**Aim of the exercise:** When you copy the material below, keep every line exact and leave each picture out.

**Given information:**
#####

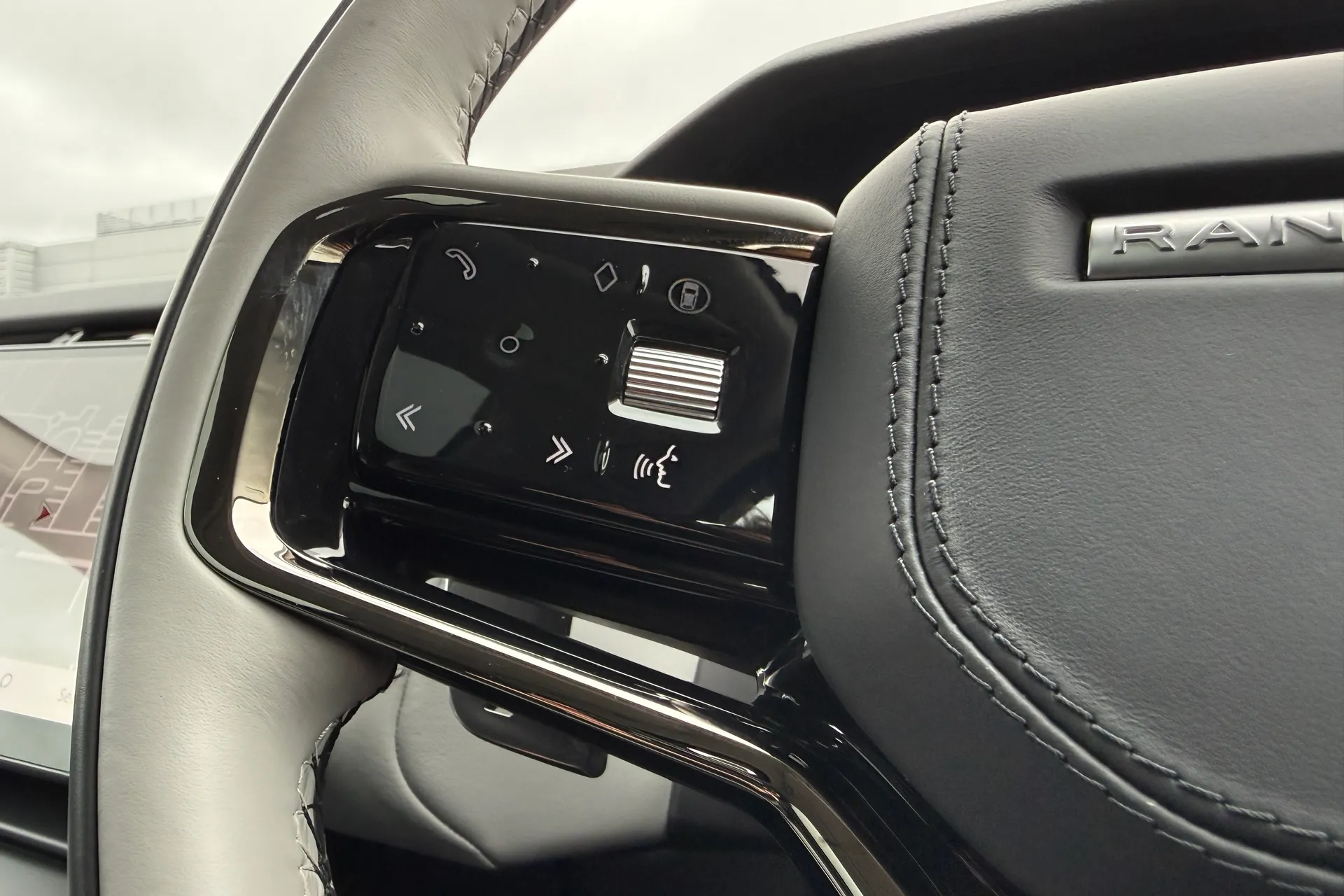 LAND ROVER RANGE ROVER VELAR thumbnail image number 46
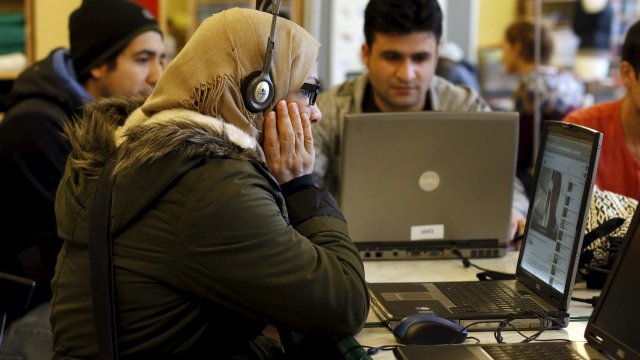 <p>
	Мигранти учат немски в център за бежанци в Дрезден. <em>Снимка: Ройтерс</em></p>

#####

**Result below:**
 LAND ROVER RANGE ROVER VELAR thumbnail image number 46
 <p>
	Мигранти учат немски в център за бежанци в Дрезден. <em>Снимка: Ройтерс</em></p>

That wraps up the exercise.